For members of the emergency services the lessons that emerged from the attacks in 2017 may soon fade into the background. The immediacy of dealing with terror attacks replaced by the normality of call-outs to road traffic collisions, house fires, summer heathland fires and soon, as autumn and winter approaches, the threat from flooding. Given the variability of weather even in August this year many who might have been sceptics would accept that climate change is occurring. The debate is really about its rate of change and the scale of impact it will have.

While climate change is of growing concern for the emergency services in the coming years, dealing with the aftermath of events linked to the phenomena is different from dealing with a terror attack. While the threat to life of both the emergency services and the public is a common factor, commentators are likely to be more forgiving in their criticism if that threat led to deaths when it was caused by a sudden tidal surge or an unexpected deluge of rain, rather than by people carrying knives or guns intent on mass murder.

 

“Defining so-called ‘hot’, ‘warm’ and ‘cold’ zones in a rigid doctrine does not help; it provides an excuse for inaction”

 

It is an established fact that the so-called ‘golden hour’ exists. If people are the subject of a knife wound or injured by bullets fired from an automatic weapon their chances of survival diminish rapidly after an hour. This creates a time horizon in which an effective response by the emergency services can either be delivered or not.

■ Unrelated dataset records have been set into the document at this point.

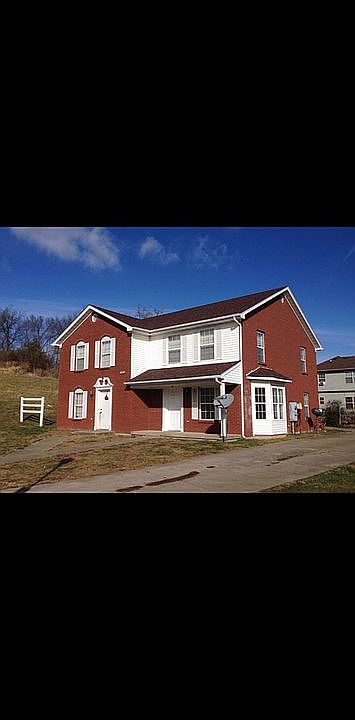 1st image of 812 Barry Ct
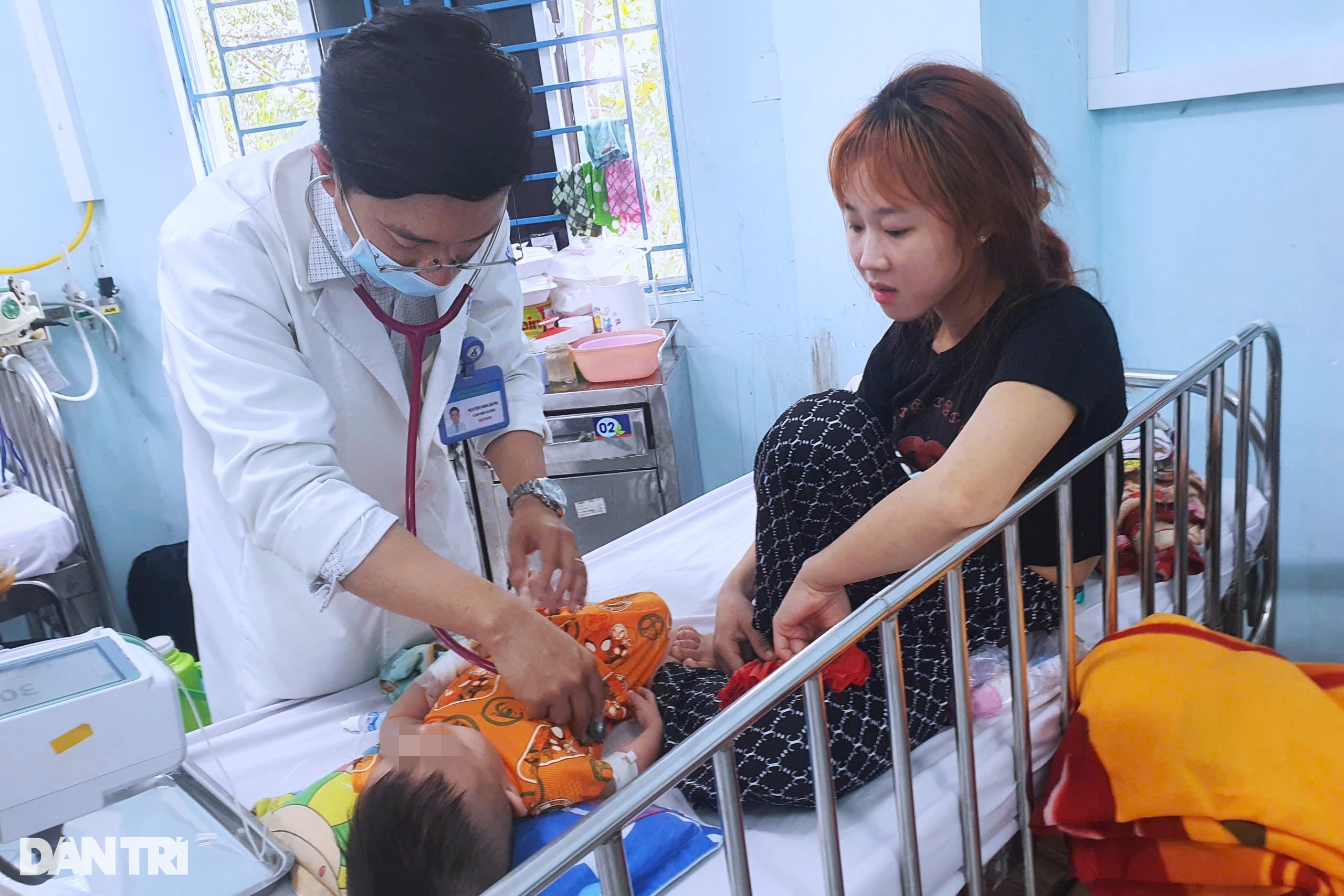 Thứ trưởng Bộ Y tế: 11 năm mới cập nhật hướng dẫn điều trị sởi là quá chậm - 6 Thứ trưởng Bộ Y tế: 11 năm mới cập nhật hướng dẫn điều trị sởi là quá chậm - 6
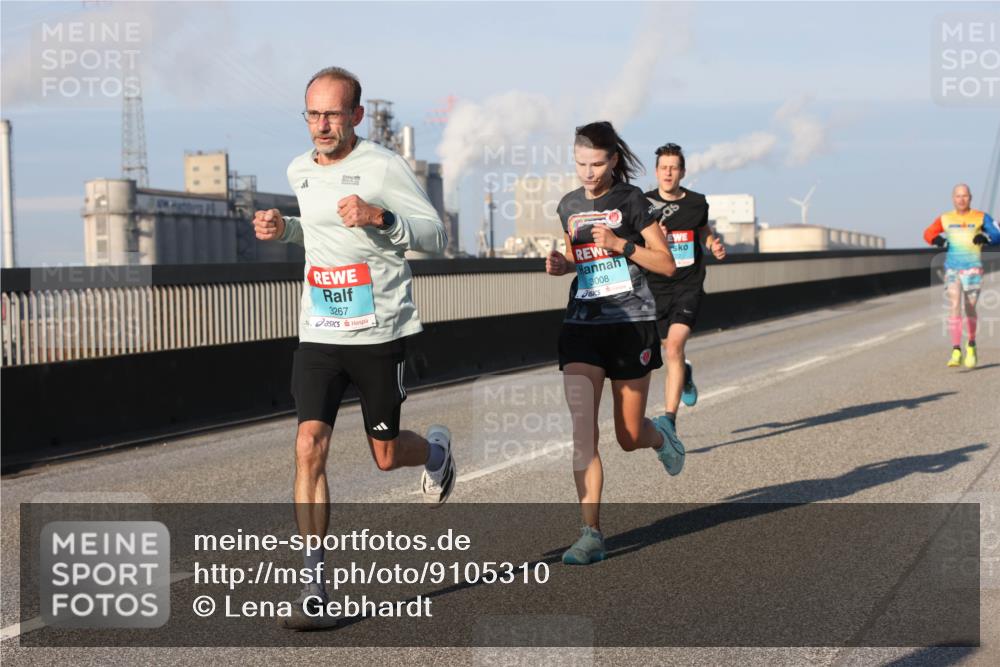 03.10.2025 - Köhlbrandbrückenlauf Lena Gebhardt http://msf.ph/oto/9105310 03.10.2025 09:38:56 Position 2 3267, 3008 meine-sportfotos.de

Public expectation is clear that such a response will be forthcoming. The evidence from 2017 is that the emergency services have yet to fully mobilise the appropriate methods to do this given managers’ responsibilities towards their own staff. Committing people into harm’s way is not an easy topic for anyone to contemplate. It is unbelievably hard to ask colleagues to go into an area where terrorists might still be active and ready to turn on the emergency services as well as members of the public.

This is a problem that is very difficult to address. Discussions on it can quickly become emotional. What one person thinks they will do and how they will act under pressure is very difficult to predict – even for the individuals involved. Some, horrified by what they see, will be bound by a sense of duty to go to the aid of those who are injured.

This was clear in the London Bridge attack. Sadly one (off-duty) nurse who went into harm’s way paid for that decision with her life. If there was any need to understand the dangers, her death provides the example. Dealing with terrorism attacks is very dangerous.

But it is possible to deliver some guidelines that may help. For those involved in the immediate area of the attack, the single most important consideration is the geography of the location. In London Bridge it was clear, fairly quickly, that the terrorists where advancing along an approximately linear route.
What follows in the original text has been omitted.